Bevor ich hinauf fuhr – mein Wald liegt auf einem Höhenzug  unserer hügeligen Stadt -, und bevor ich nach längerem Rundgang zu meinem Stehcafé fuhr, habe ich es im Spiegel gesehen: Mein Haupthaar wird dünner, ja, es schwindet sogar. Mit Schaudern stelle ich mir vor, wie mein völlig unbehaarter Kopf aussehen wird. Als der Affe, der ich ja nach der Evolutions-Theorie bin, stehen mir eigentlich Haare zu. Der Gedanke, daß gutaussehende Männer trotz Glatze  beeindrucken und daß man sie täglich zu Dutzenden sehen kann, tröstet nur schwach.
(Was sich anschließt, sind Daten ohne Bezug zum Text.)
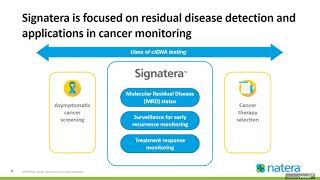 Breast Cancer Signatera Webinar [upl. by Jacie]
Es gelingt mir, bei der Haupt-Bäckerin das Gespräch auf dieses bedrängende Thema zu  bringen. Ich fange es geschickt an, bemerke, daß sie wohl neuerdings beim Friseur gewesen sei. Sie ist geschmeichelt, bemerkt aber abwiegelnd, es sei einfach nötig gewesen. Das wiederum gibt mit Gelegenheit, scheinbar ohne innere Anteilnahme zu bemerken, bei mir sei es infolge schwindender Haare immer seltener nötig. Sie darauf, offenbar psychologisch geschult, weist dies zurück, betont, an den Seiten sei es eben besonders dicht bei mir.
 
Nach diesem Zuspruch sieht die Welt schon ganz anders aus. Ich sehe die Häuser der Siedlung, Bäume, Sträucher, rissigen Asphalt prall und deutlich ins Sonnenlicht treten und fühle mit jenem krebskranken Regisseur, von dem ich gestern in der Zeitung den Ausspruch las: „So schön kann es im Himmel gar nicht sein“.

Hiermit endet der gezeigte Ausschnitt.